4. Robert Lillard House, 1062 2nd Ave. South
This c. 1940 Queen Anne cottage was the home and office of Nashville native Robert Emmitt Lillard (1907-1991), an important African American attorney and civic and civil rights leader who served on the city council for decades and was Nashville’s first African American Vice Mayor Pro Tem.
Lillard’s house is the last historical structure left on the east side of 2nd Avenue South between Cameron Street and Mildred Shute Avenue. Everything else is new construction. Though some of the churches and most of the university buildings where Nashville’s Civil Rights Movement was incubated are still around, many of the office buildings and residences associated with the people and events of the movement are long-since destroyed. This is one of the last of those important spaces and it should be preserved.
5. Spence Manor, 11 Music Square East
The Spence Manor Motor Hotel was built in a Mid-Century Modern Brutalist style to serve the stars (especially Elvis) who came to town to record on Music Row. The guitar-shaped pool on the property was built by Webb Pierce to accommodate his fans after his neighbors complained about fans coming to Pierce’s house to see his personal guitar-shaped pool.
The now-residential property is mired in controversy as residents fight over short-term rentals in the building and whether it should be torn down to make way for something taller.

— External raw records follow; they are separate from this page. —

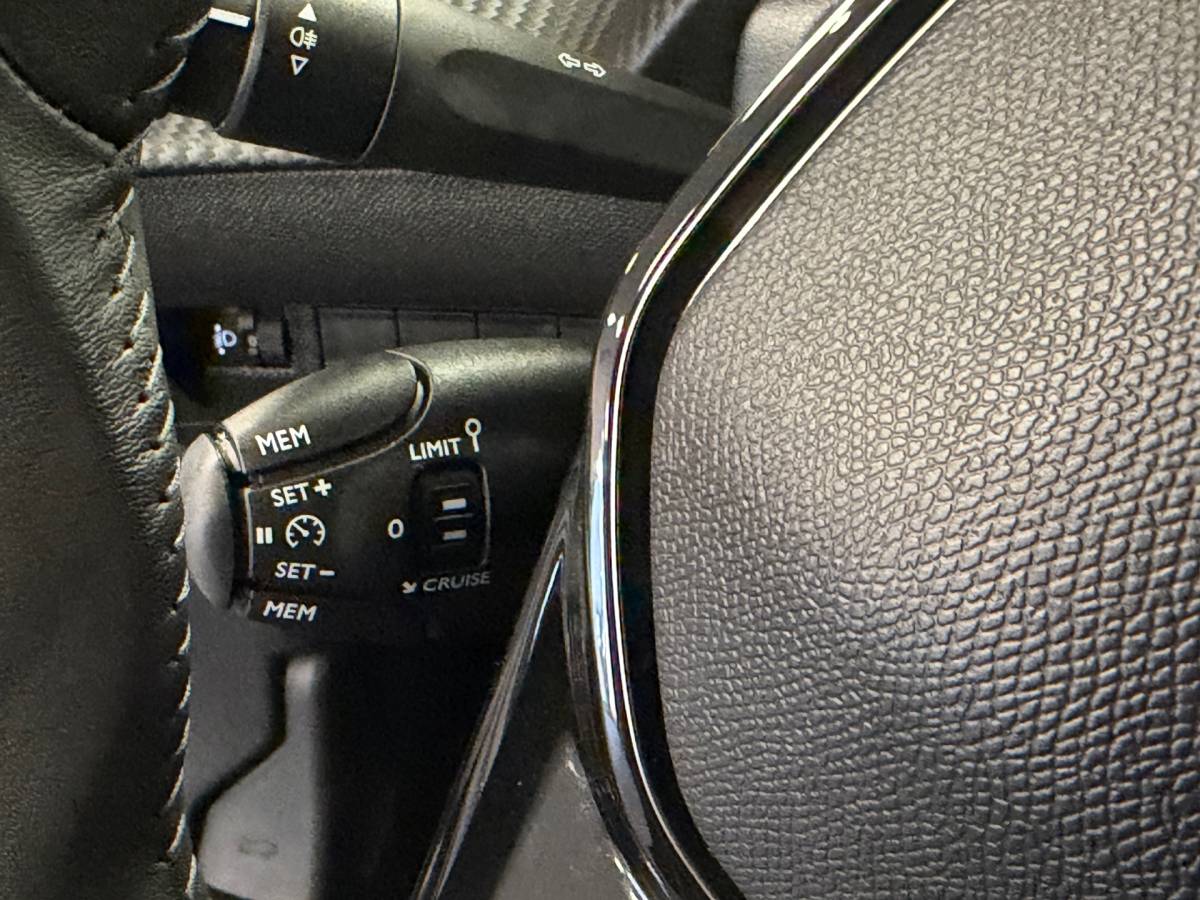 Peugeot 2008 Peugeot 2008 1.2 PureTech 100 Allure*Nardo-Gray*Airco*Cruise-Control*PDC*Xenon*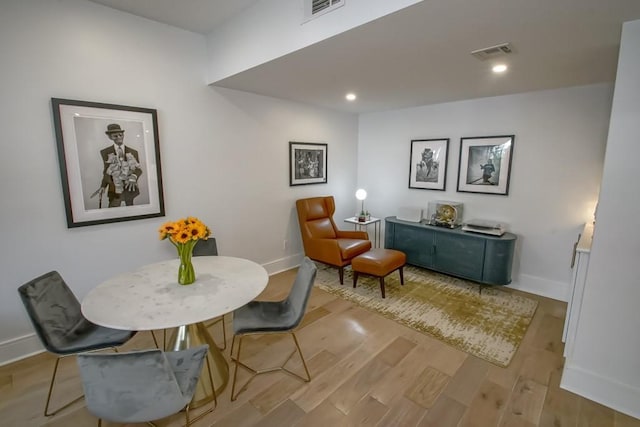 1115 Upperline St Unit 1115, New Orleans, LA 70115 - sitting room with wood finished floors, baseboards, and recessed lighting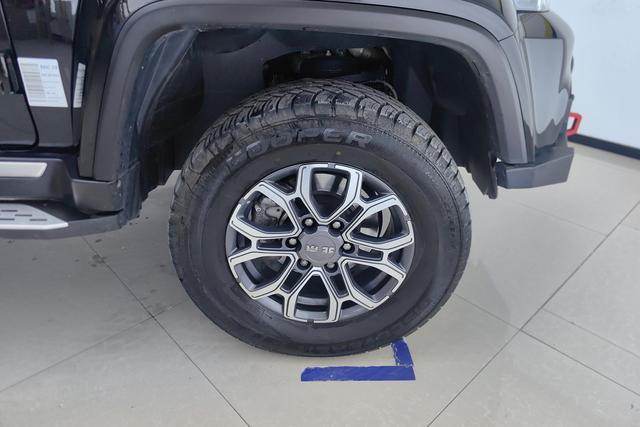 BAIC BJ40 2024 2.0 T AT 4 WD — фото 12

6. Nashville Christian Institute Gymnasium (also known as the House of God Youth Center), 2420 Batavia St.
The Nashville Christian Institute was a Church of Christ-run K-12 school for Black members of the church. It opened in 1940 and closed in 1967, when David Lipscomb College integrated. The first president of NCI was famed preacher Marshall Keeble who had a hand in founding most, if not all, of the African American congregations of the Church of Christ in Tennessee.
The National Register-listed NCI gym is the last remaining vestige of the former NCI campus and stands as a testament to religious education in Nashville’s African American Christian community during segregation and the civil rights era. The gym is currently up for sale and in danger of being torn down, but the right buyer could find a creative way to repurpose the historic building and keep it as a central neighborhood gathering place.
7. Scott’s Chapel AME Church and Fellowship Hall, 511 Tulip Grove Rd.
As the longtime center of the Scott’s Hollow community in Hermitage, the Scott’s Chapel AME Church property historically contained the church, a benevolent society, a one-room schoolhouse, and a cemetery. Community founders were once enslaved at nearby Tulip Grove plantation and at the Hermitage.
After integration, the one-room schoolhouse was moved and attached to the church as its fellowship hall, but many of the accoutrements of the schoolhouse are still in place. The site is well-maintained, but the schoolhouse section needs some major repairs that are beyond the capacities and budget of the families looking after the property.
8. The Fontanel, 4225 Whites Creek Pike
9. 4900 Block of Charlotte Ave.
This block of Charlotte Avenue is in the heart of the old “New Town” development now known as West Nashville. New Town was designed to be an industrial hub close to the river, railways, and the urban core. Though it is now a part of Nashville, this was originally an independent town with a thriving commercial district.Though the area is booming, with creative reuse of many historic buildings along the corridor, the 4900 block remains significantly underutilized. Stores sit empty. Windows are boarded up. Buildings that have tenants could use paint. In a neighborhood that is teeming with commercial activity and surrounded by some of the most stable residential historic districts in Nashville, preservationists are hopeful that this stretch of early-twentieth-century commercial buildings will be revitalized before they are lost to time and neglect.